勞動社會。社會學家選擇了這個概念來描述像德國這樣的國家。特別是像德國這樣的國家,在這裡人們會將他們的職業寫在訃聞上並且還會寫在墓碑上,而且在他們──應該在他們還活著的時候──相互認識時,至少在第五句話後就會提出這問題:「那麼,您的職業是什麼呢?」只是,當人們再也找不到工作時,這個勞動社會變成什麼呢?

七○年代初期,全德國只有幾十萬人失業。九○年代中期則將近有四百萬人失業。書籍和文章預言這是勞動的末日。如出名的社會學家貝克和其他的學者也為「社會」這個字增添許多前綴語。他們認為,當社會不再提供大量的工作機會,勞動也就不再是有意義的因素了。一九九七年巴伐利亞和薩克森兩邦的邦總理,艾德慕•史陶柏(Edmund Stoiber)和庫茲•畢登寇伯夫(Kurt Biedenkopf)兩位共同發表了一項聲明,其中他們具體的要求:德國必須找到其他途徑,必須找到新的工作型式。乍看之下應是個理性的意見。因為雖然德國社會的失業率不斷攀升,但是德國國民的所得仍然增長,單自一九九一年以來就已提高了百分之十七,而可分配的財富也因此增加了。如此看來,這可能是最好的方法,失業者停止找尋像汽車技工或是銀行業務員這類的工作。轉而做社會學家所指稱的國民工作:諸如投入志工或義務行列;幫助老鄰居購物、訓練年輕足球員。凡他們生活所需的,社會會回饋他們。德國不再需要勞工了。但是德國人需要工作。而德國也排斥這個「非工作社會」的計畫,就像人的身體會排斥誤植的器官一樣。

這個國家非常渴望工作。

「工作,工作,工作」德國社會民主黨以此做為國會競選的海報標語。或者是:「有許多地方是很美麗的,最美麗的地方就是工作位子」。持不同看法的人,一定會陷入困境。在政府和反對黨的意志之下,未來那些給可以工作卻不願意工作的國民的補助將會減少。雖然不工作的人仍會獲得補助,但是不再那麼多了。

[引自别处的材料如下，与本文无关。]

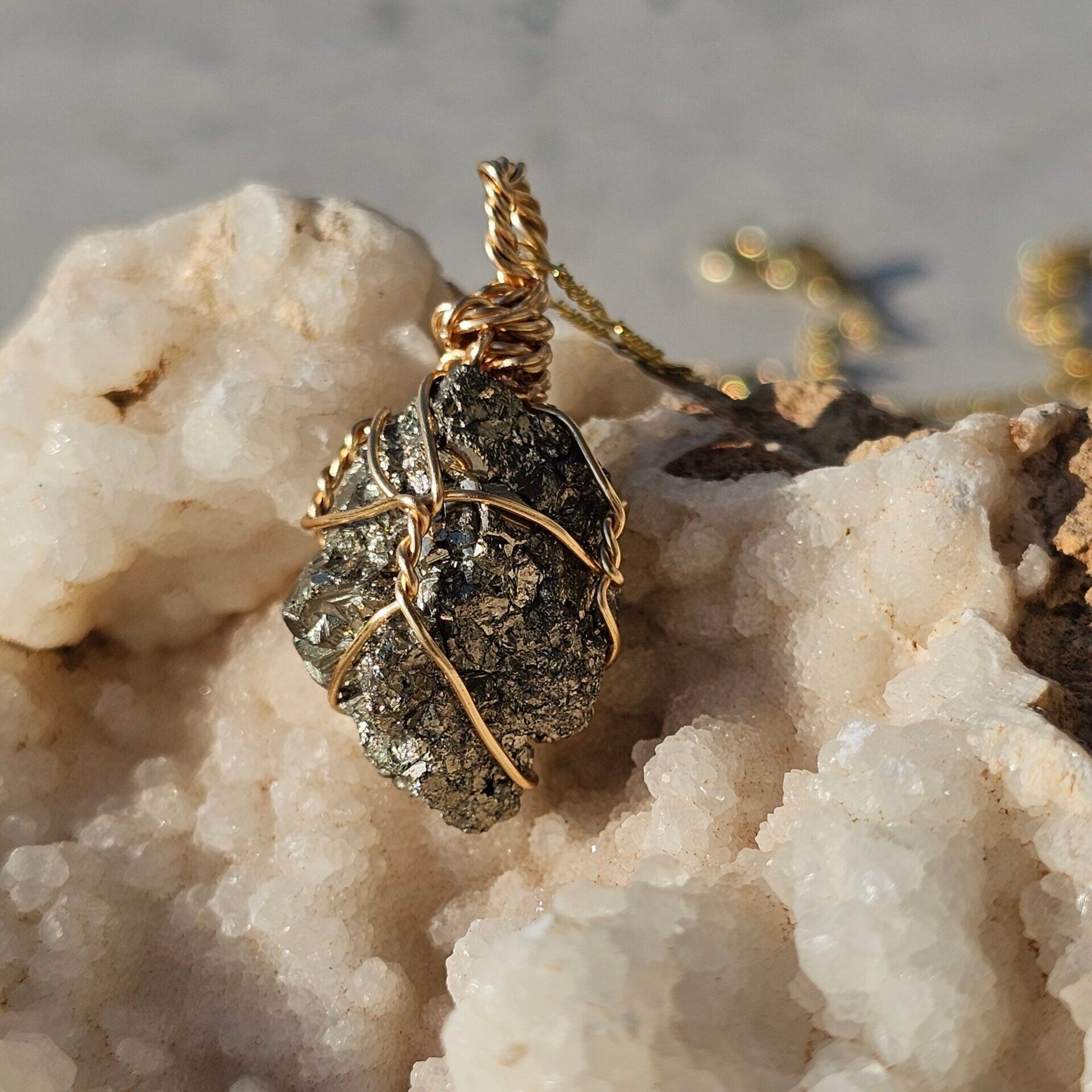 Collier en argent 925 plaqué en or 18 K avec pendentif de Pyrite brute (50 cm)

勞動社會的結束?怎麼可能。「職業集中化不減反增,」蓋爾德•穆茲(Gerd Mutz)這麼說到,他是慕尼黑社會研究中心主任。從來就沒有像今日一樣有這麼多的德國人湧向職場。在德國找工作從來就沒像今日這般的困難,調查顯示大部分的德國人將工作視為滿意度和自信的來源。但今天想獲得工作以及保有工作的人就必須要妥協,工作的期望迫使人搬家,結束友誼,也阻礙成家,還迫使家長必須禁止小孩遊戲並命令他們開始學習。

慕尼黑聯邦國防大學的社會學家沃夫岡•彭斯(Wolfgang Bons)說:「勞動社會現在才正要開始。」到處可見這樣的狀況,不論是在柏林或巴伐利亞邦的小鎮裡、還是在寇布斯(Cottbus)、法蘭克福或黑姆寧茲(Chemnitz)的工商業區都一樣。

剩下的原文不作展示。